Is there some way to run the TV Tuner AVerTV Studio 305 on FreeBSD 9.0 ? The mentioned tuner is based on Philips SAA1730HL.  According to:
http://www.freebsd.org/doc/en_US.ISO8859-1/books/handbook/tvcard.html
FreeBSD supports the tuners based on Brooktree, Conexant  chips. However that page recommends to consult the bktr(4) manual page for a list of supported tuners and bktr(4) says:

The bktr driver supports video capture cards based on the Brooktree Bt848/849/878/879 chips, as well as Pinnacle PCTV cards, including: AVerMedia AVerTV Studio

So is there some way to run it ? At least my attempt were unsuccessful.

Thank you.


----------



## tingo (Nov 21, 2012)

bktr(4) is old, and designed for analog cards.

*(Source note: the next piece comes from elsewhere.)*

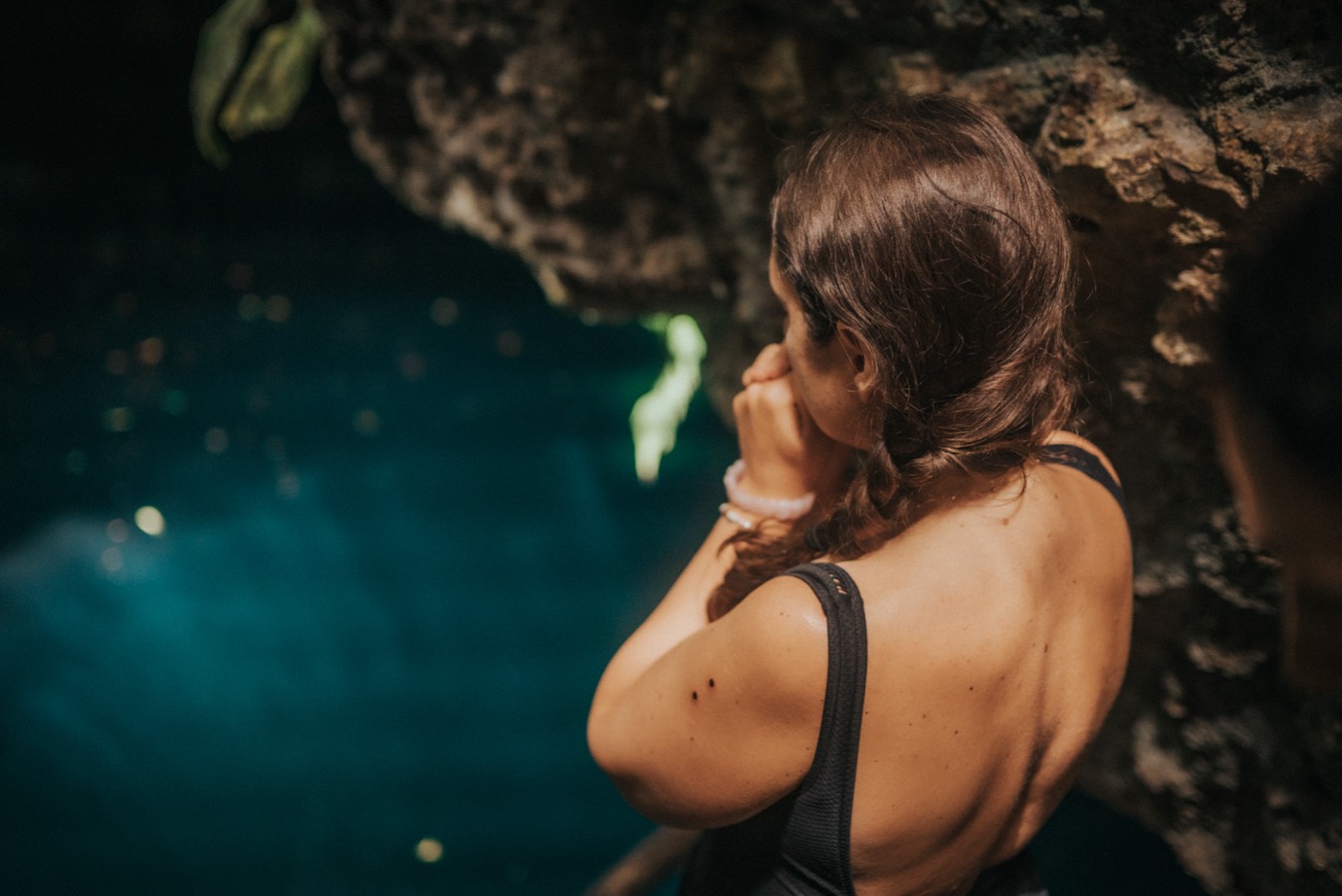 A woman floating in the still water of a cenote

I don't think it will work for your SAA1730HL.
You could try multimedia/webcamd, it uses Linux drivers and support a lot of devices.


----------



## SirDice (Nov 21, 2012)

tingo said:
			
		

> You could try multimedia/webcamd, it uses Linux drivers and support a lot of devices.


As far as I know it only supports USB based TV/Capture cards.


----------